11:11pm - is it a part of a bigger body of work?

11:11pm is a part of a body of work. I'm currently fundraising for my album. The uncertainty of not completing this album worries me at times but my relationship with faith remains, and I'm glad that I have it because it helps me to block out noise and all the distractions. And it keeps me focused on my vision, including this album because you know, I've written songs since I was 10 - I taught myself how to write songs since I was 10. There's many more projects that I have lined up - it's not just this album.

Take me through the writing process for 11:11pm.

I noticed too many songs written about heartbreak were centered in love and romance. When I wrote 11:11pm in my car, I really had to think about the kind of representation that I wanted to see, and what I wanted to hear. And I felt like no-one talked about the kind of heartbreak when it comes to loneliness and isolation. No-one was talking about what I feel most people experience in life, especially when you're a young teenager and a young adult - I wrote 11:11pm in my car around that age. But I remember the melody - the first melody that came up, it was like (Valen sings melody). And then it sounded like the word (Valen sings) lonely, lonely, lonely, lonely. That was really the seed. I had to think to myself well what area in my life am I feeling lonely? And it started with the simple truth of really feeling like alone. Like really feeling truly alone in a world even though, you know, my social life was thriving at that time - but I still felt alone. I was partying every weekend. I still felt deeply alone because of the things that were going on at home, and in you know, my personal life.

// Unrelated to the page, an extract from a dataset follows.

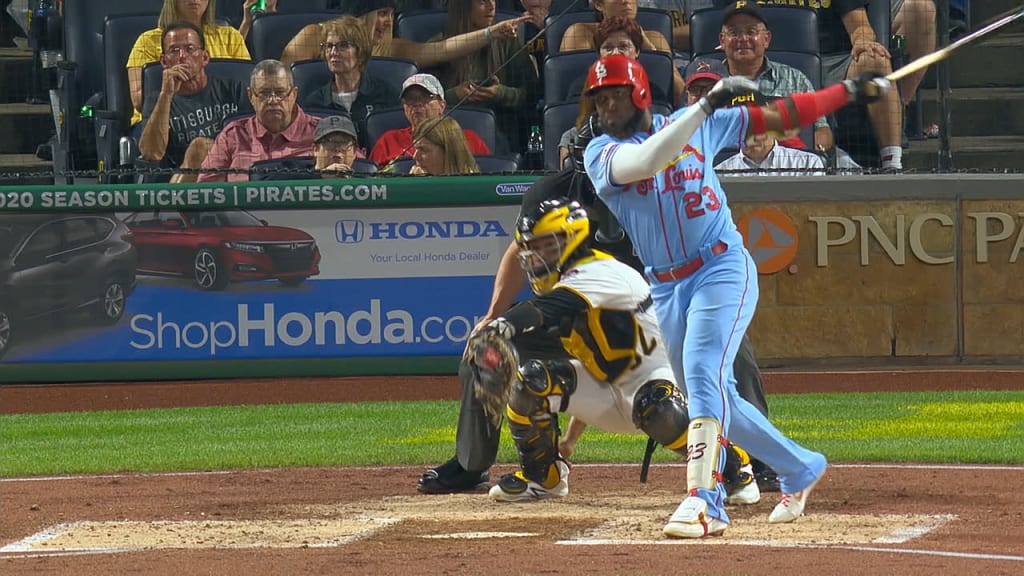 Jonrón de 3 carreras de Ozuna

How did you record 11:11pm? Who did you record it with, where? Yeah, tell me about it.

It was hard to get funding for 11:11pm and have it recorded. I felt hopeless. I felt so incompetent. I felt like I had a lack of skills that I couldn't even get studio time to record my own music. But through networking, I was introduced to Kerry and Kerry - Kerry's a live sound engineer, he knew Dave, and so we recorded 11:11pm at Dave Dobbyns studio. Me and Kerry reached out to musicians that we already knew of. Recording with other musicians opened me up to what other people have to contribute to my music - they helped to shape the sound. I'm used to producing my own music and writing, and arranging and composing. But seeing what other people add really alter your vision a little bit but still keep it with you. I used to think that these people are so much more...they have a lot more to offer than me. I remember Dave saying, 'Whatever you do, go with you gut. Always trust your gut, follow your gut.' And I left that studio, and I left that experience more confident in myself, in what I do and the music that I write. And that's something that I took away from that experience during the recording process.

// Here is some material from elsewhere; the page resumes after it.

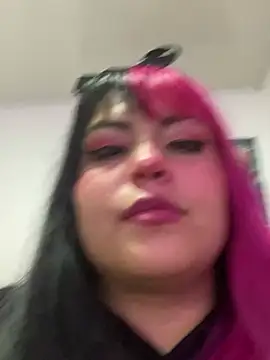 Snapshot of Pinky-Flower chatting on 01/04/25, 12:59 Pinky-Flower online show from 01/04/25, 12:59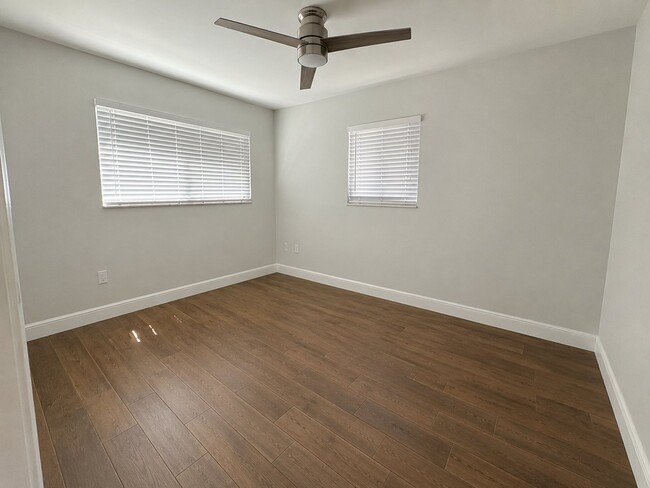 Photo - 4311 NW 2nd Ave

So the hot question is, why the fundraiser? Why the $10k?

I have applied for funding, not once, not twice - but three times. (Valen laughs) And I've been unsuccessful for all three times. At first the rejection felt personal, but then it challenged me to launch my own. And I'm so happy that I did because the amount of people that I've met, and the amount of people who have also reached out to me and offered help - not even in monetary ways but just in other ways is super helpful. And sometimes that's all I need. I'm also beginning to feel like it's not always about raising the funds sometimes, it's just about connecting with people who genuinely can help in some type of way just because they, you know, vibe with you or maybe they're on a similar path. Or maybe they're doing something like you. I don't have time to wait around for the next round, you know, the next rounds of funding because I've got shit to do. I've got things to do, things to make so I decided now is the time to just launch my own fundraiser. And you know, start from the ground up with my bestie. (Valen giggles).